DATASET Block Start
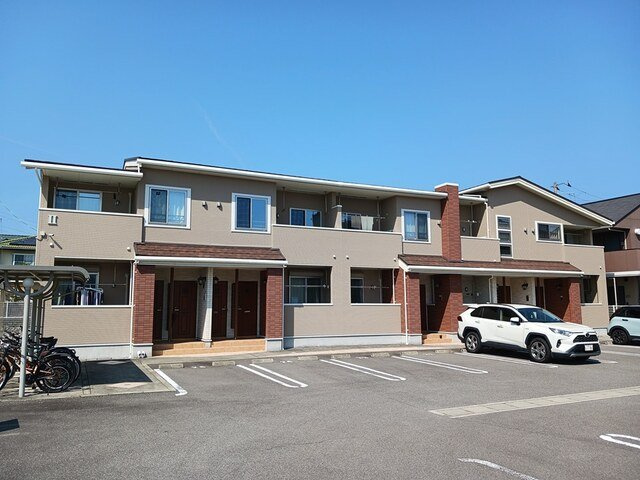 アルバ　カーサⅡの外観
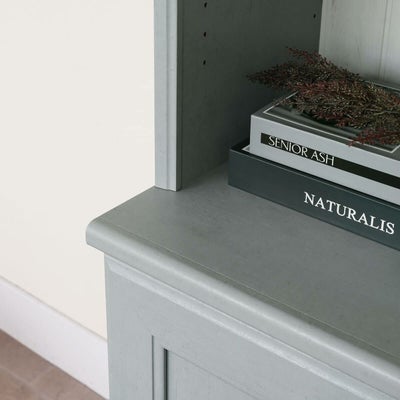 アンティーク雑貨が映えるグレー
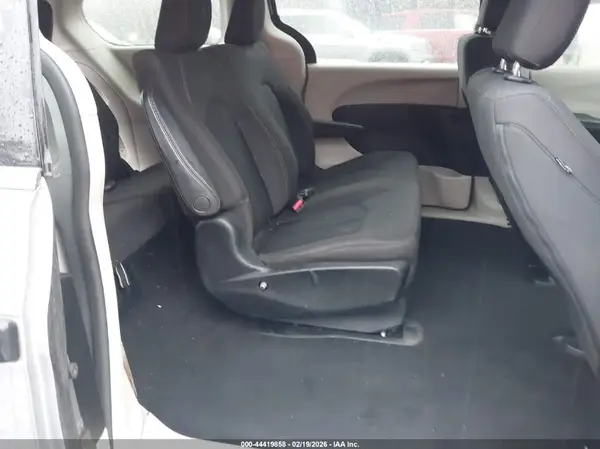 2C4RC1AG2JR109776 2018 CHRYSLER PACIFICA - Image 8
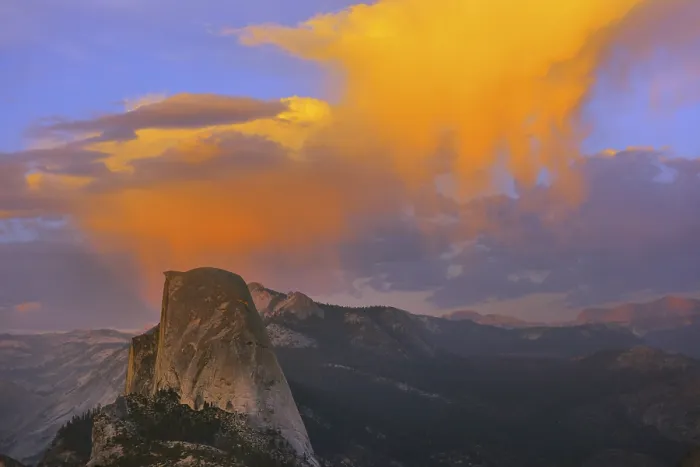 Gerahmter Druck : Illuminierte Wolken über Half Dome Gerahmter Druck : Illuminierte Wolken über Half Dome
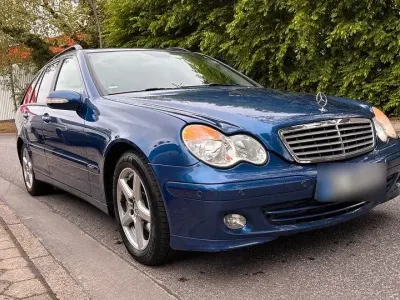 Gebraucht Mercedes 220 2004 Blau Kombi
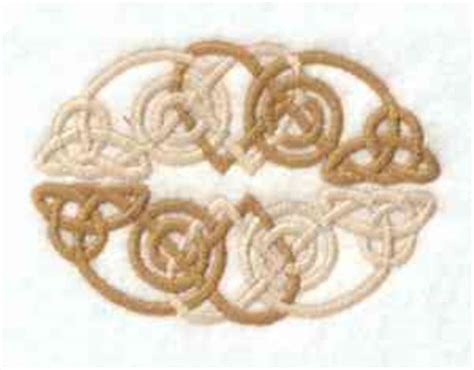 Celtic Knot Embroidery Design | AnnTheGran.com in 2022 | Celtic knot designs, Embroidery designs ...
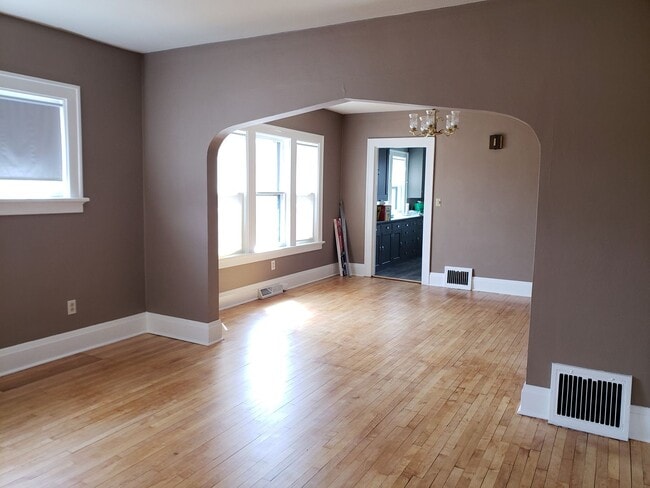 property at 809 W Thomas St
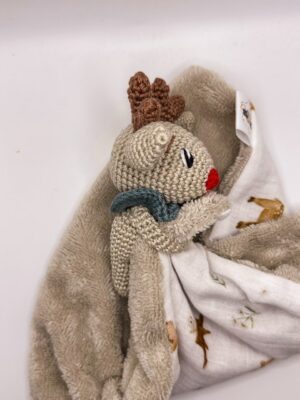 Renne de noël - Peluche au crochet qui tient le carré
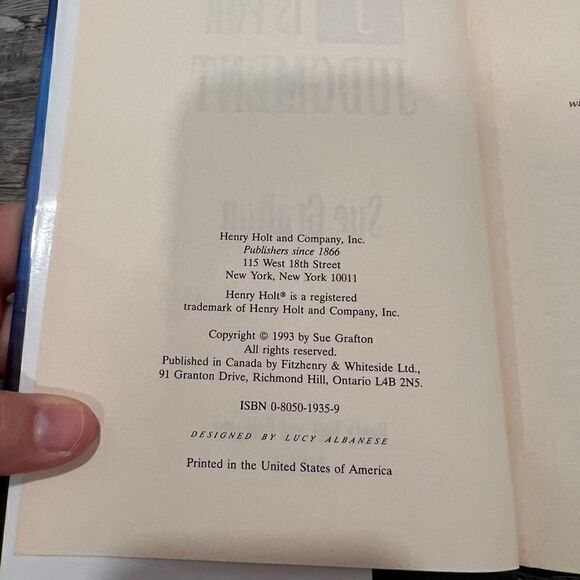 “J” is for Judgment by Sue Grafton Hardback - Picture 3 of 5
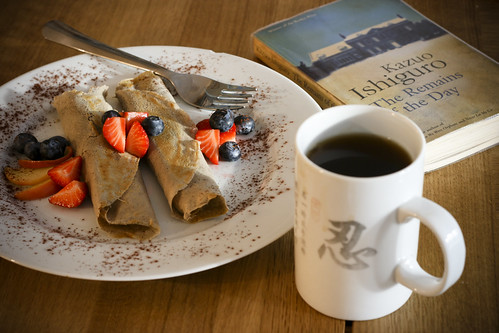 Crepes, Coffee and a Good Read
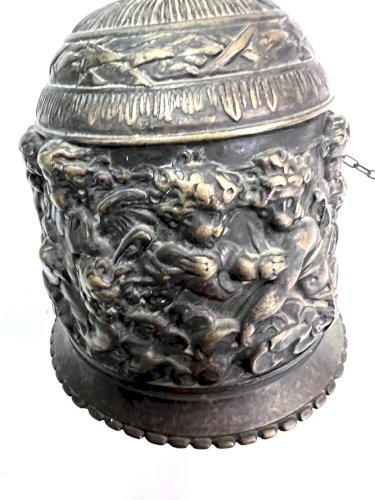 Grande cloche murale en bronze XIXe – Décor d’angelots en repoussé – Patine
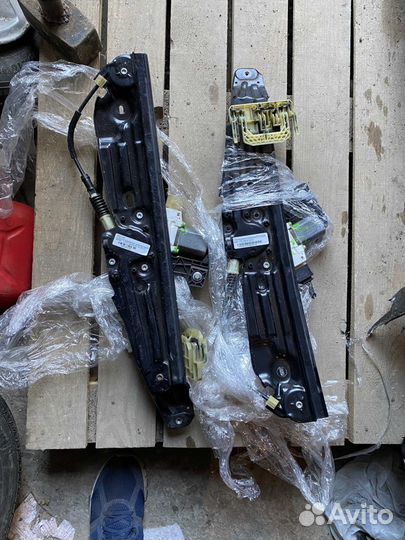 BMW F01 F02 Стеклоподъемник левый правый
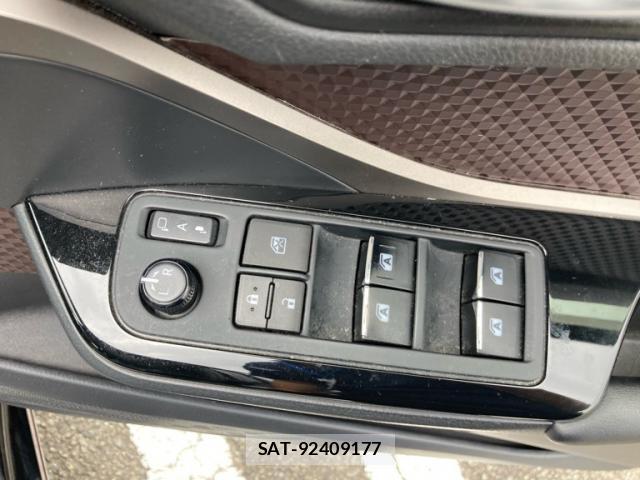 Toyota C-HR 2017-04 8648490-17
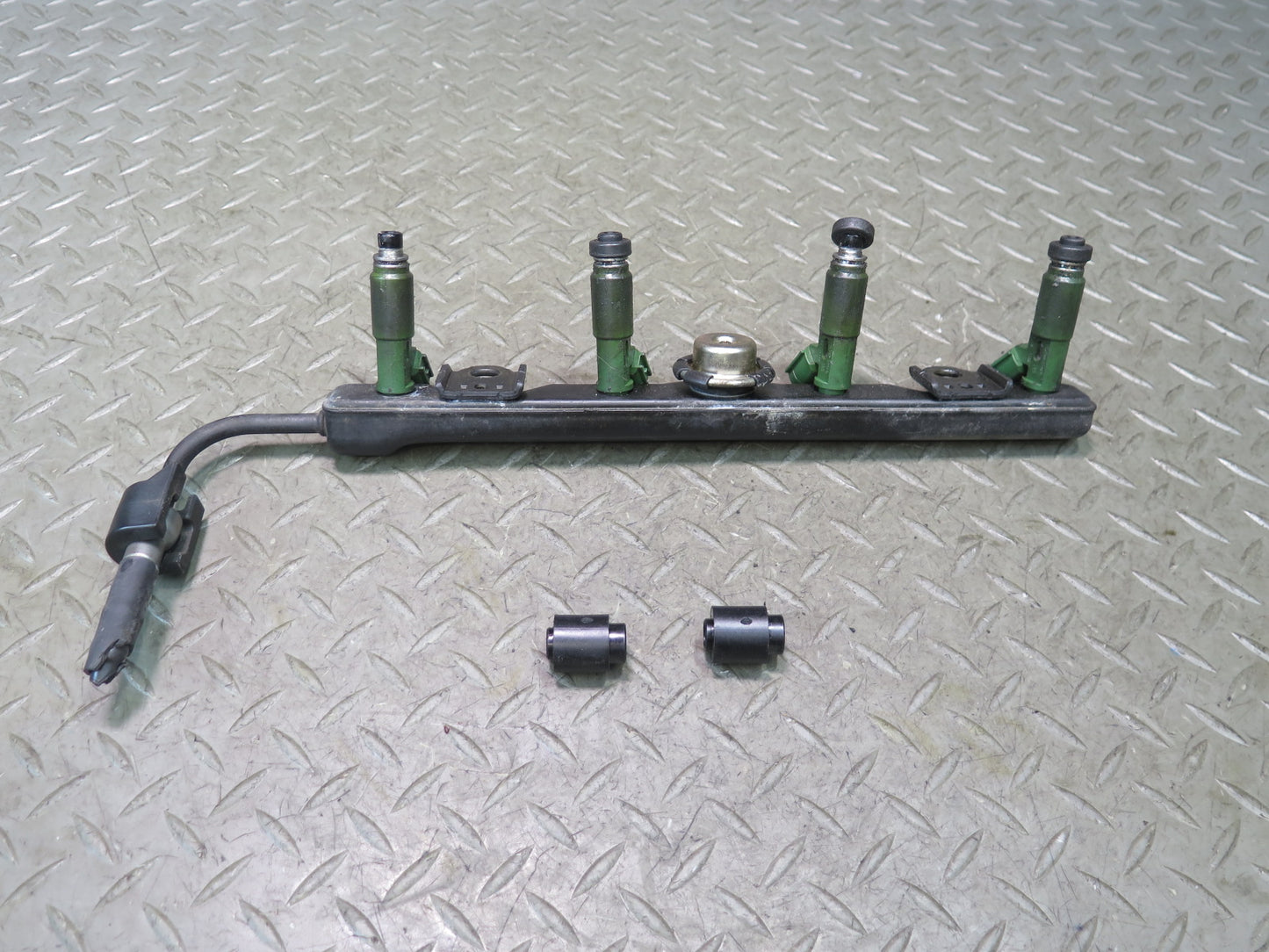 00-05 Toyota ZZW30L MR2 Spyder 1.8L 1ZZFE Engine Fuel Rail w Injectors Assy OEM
DATASET Block End
> [WORK TO BE COMPLETED]
Write out again, exactly, only the lines from the beginning of the material above to the line that holds "BMW F01 F02 Стеклоподъемник левый правый", both ends included, and no pictures.

> [RESPONSE TO THE TASK]
 アルバ　カーサⅡの外観
 アンティーク雑貨が映えるグレー
 2C4RC1AG2JR109776 2018 CHRYSLER PACIFICA - Image 8
 Gerahmter Druck : Illuminierte Wolken über Half Dome Gerahmter Druck : Illuminierte Wolken über Half Dome
 Gebraucht Mercedes 220 2004 Blau Kombi
 Celtic Knot Embroidery Design | AnnTheGran.com in 2022 | Celtic knot designs, Embroidery designs ...
 property at 809 W Thomas St
 Renne de noël - Peluche au crochet qui tient le carré
 “J” is for Judgment by Sue Grafton Hardback - Picture 3 of 5
 Crepes, Coffee and a Good Read
 Grande cloche murale en bronze XIXe – Décor d’angelots en repoussé – Patine
 BMW F01 F02 Стеклоподъемник левый правый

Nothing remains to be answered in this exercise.